HHS Spent $13 Billion Sponsoring And Losing Migrant Kids Over The Last Decade



The Department of Health and Human Services’ Office of Refugee Resettlement (ORR) has spent more than $13 billion sponsoring unaccompanied minors at the United States border since 2012, according to recent reporting from OpenTheBooks.com. This staggering figure is even worse in the context of a shocking February report from The New York Times, which revealed that while HHS follows up with minors one month after their sponsor placements, the department has been unable to get ahold of at least 85,000 children in just the past two years.

Unaccompanied children are defined by the ORR as those under the age of 18 with “no lawful immigration status in the United States” and no parent or legal guardian to “provide care and physical custody.” The Unaccompanied Children (UC) program places minors attempting to enter the U.S. with state-licensed sponsors in an attempt to avoid the high risk of exploitation children face in Mexican border towns.

This year, the ORR spent $2.7 billion to sponsor unaccompanied minors at a rate of $18,000 per child. For reference, the cost to educate per student in Texas, where most of the UC program spending occurs, is $9,871.

Recent reports show the ORR losing track of some children as quickly as one month after placement. ORR policy is to call a child at their placement to ensure their well-being after a month, but over the last two years, the agency failed to reach more than 85,000 children.

At their sponsorships across the country, many unaccompanied children across the country are “part of a new economy of exploitation,” overworked to “exhaustion,” and “juggle classes and heavy workloads” or “will not be enrolled in school,” according to the Times.

Under pressure to send money to their families, unaccompanied children are “often [] in debt” to the same sponsors who have been found and vetted by the ORR with taxpayer dollars.

Due to the sheer number of incoming children, the HHS hires child welfare agencies to track down “some minors who are deemed to be at high risk. But caseworkers at those agencies said that HHS regularly ignored obvious signs of labor exploitation.”
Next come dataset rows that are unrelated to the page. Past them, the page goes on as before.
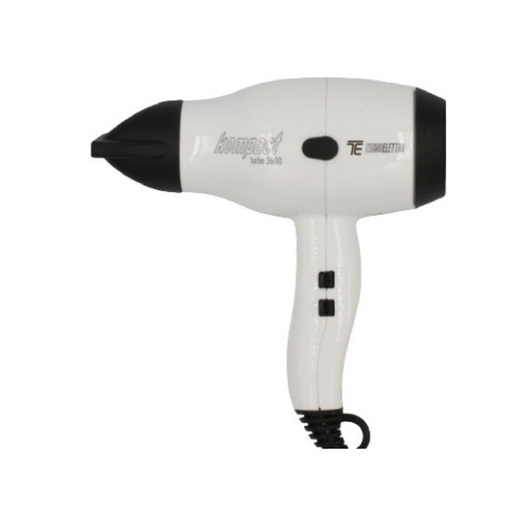 TecnoElettra Kompact Turbo 3600 White Профессиональный фен для волос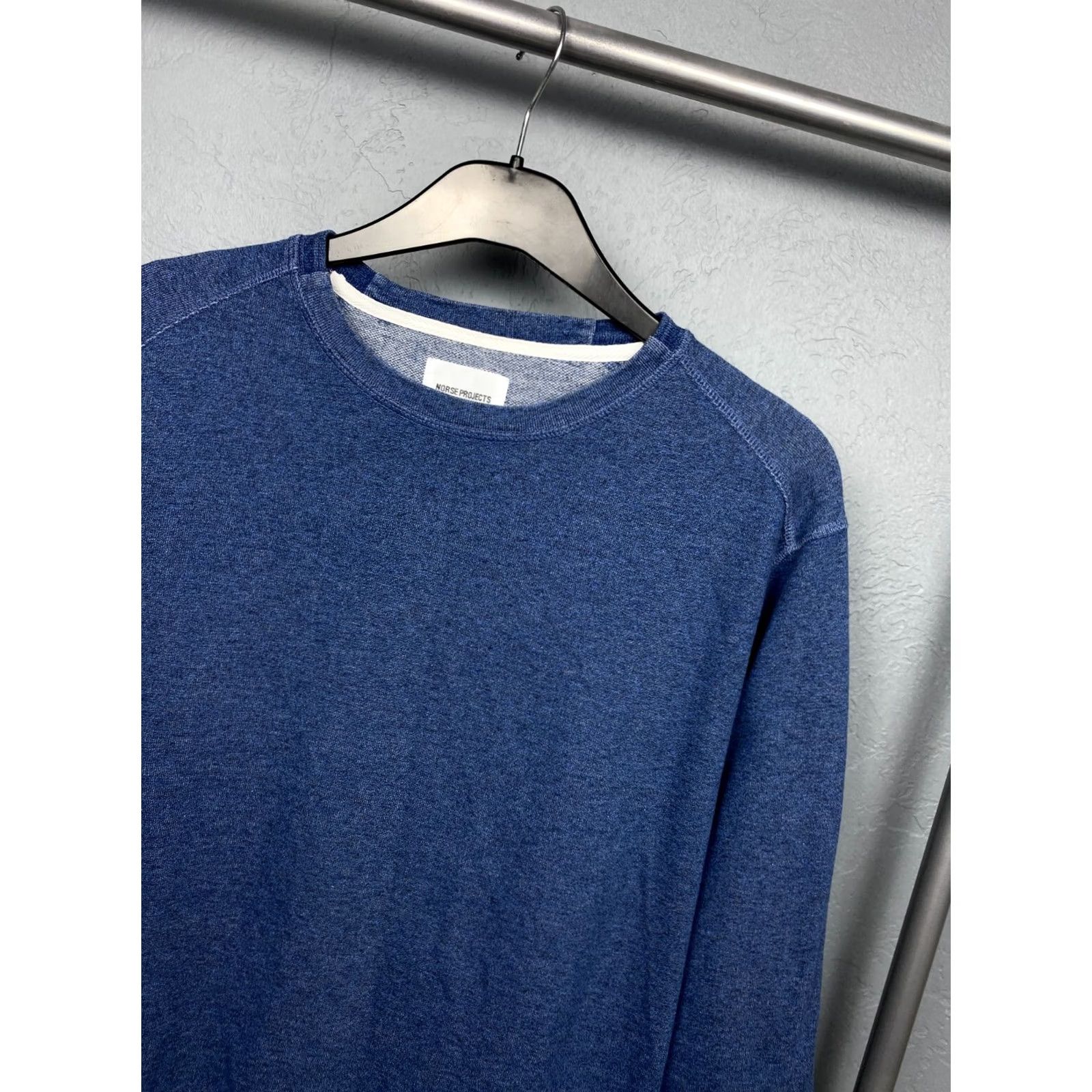 Norse Projects Norse Projects Vintage Mens Crew Neck Sweatshirt L Blue Sweatshirt Mens Size US L / EU 52-54 / 3 - 2 Thumbnail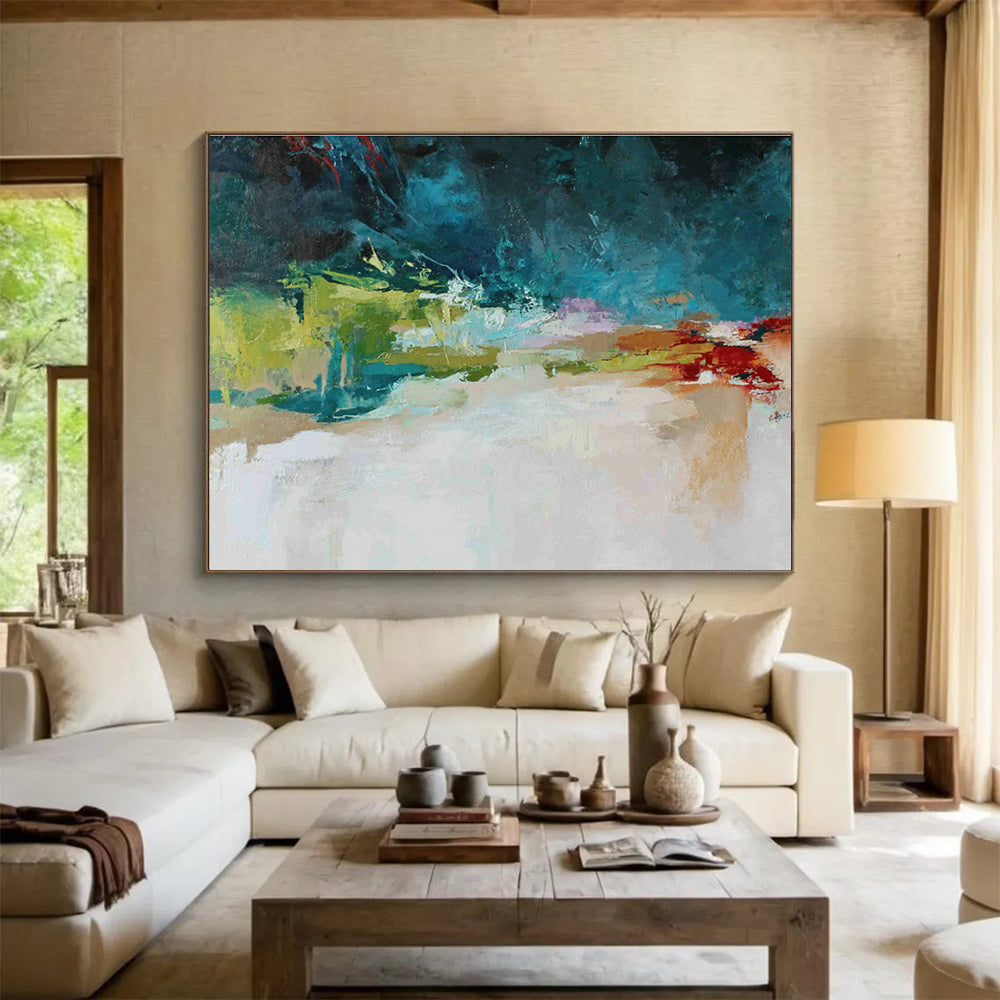 Color - Ink Abstract Landscape Art for Bohemian Café DLZ2894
Recently HHS has faced pressure from a Florida grand jury and the HHS Inspector General, both of which raised concerns about the mistreatment of unaccompanied children at the border. Further, an IG report challenged HHS employee vetting processes, while the grand jury concluded the department was “facilitating the forced migration, sale, and abuse of foreign children.”

The department’s response? In March, HHS Secretary Xavier Becerra said he was “unfamiliar” with the reported statistics of missing children and that their “authorities end” when a sponsor is found.

At the time of writing, the HHS Administration for Children and Families has not responded to a request for comment regarding their efforts to find these children or remove abusive sponsors from their system.